■ Assigned task
Using the listing below, report each line holding the string "Long".
════
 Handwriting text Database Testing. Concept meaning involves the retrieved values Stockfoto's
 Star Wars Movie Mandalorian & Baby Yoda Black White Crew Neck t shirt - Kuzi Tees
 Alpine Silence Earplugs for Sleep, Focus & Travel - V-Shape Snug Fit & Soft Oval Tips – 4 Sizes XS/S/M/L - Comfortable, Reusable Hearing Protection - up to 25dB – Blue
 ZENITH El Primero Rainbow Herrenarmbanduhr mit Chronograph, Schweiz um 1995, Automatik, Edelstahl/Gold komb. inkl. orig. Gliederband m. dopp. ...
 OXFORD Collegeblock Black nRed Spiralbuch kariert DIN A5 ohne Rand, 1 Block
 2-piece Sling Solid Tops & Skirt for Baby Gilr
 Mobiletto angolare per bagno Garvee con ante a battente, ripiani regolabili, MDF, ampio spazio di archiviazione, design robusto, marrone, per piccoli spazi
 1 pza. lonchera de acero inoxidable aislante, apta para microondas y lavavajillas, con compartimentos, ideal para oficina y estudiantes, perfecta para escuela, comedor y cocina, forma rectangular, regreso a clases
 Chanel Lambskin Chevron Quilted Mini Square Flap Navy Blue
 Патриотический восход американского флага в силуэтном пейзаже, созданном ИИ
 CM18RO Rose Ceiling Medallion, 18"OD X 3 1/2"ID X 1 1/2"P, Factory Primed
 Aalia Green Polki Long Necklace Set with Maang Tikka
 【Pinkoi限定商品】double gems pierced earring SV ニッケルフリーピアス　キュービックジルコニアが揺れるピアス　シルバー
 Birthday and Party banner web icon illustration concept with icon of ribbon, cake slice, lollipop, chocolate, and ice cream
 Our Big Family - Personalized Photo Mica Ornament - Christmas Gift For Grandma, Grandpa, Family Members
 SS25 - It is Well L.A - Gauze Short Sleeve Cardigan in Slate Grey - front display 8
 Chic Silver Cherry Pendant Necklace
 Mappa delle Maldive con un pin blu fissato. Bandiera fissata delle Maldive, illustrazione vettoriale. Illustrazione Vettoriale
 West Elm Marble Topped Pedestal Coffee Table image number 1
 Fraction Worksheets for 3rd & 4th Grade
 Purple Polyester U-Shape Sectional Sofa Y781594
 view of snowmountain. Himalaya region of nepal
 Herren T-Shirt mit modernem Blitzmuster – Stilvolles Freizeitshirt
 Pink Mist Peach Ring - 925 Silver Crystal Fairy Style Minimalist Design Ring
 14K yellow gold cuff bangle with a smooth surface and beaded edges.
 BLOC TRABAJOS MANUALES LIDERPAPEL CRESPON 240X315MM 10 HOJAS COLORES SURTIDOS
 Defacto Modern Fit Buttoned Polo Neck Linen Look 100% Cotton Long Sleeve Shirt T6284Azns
════
■ Solution for this problem
 Aalia Green Polki Long Necklace Set with Maang Tikka
 Defacto Modern Fit Buttoned Polo Neck Linen Look 100% Cotton Long Sleeve Shirt T6284Azns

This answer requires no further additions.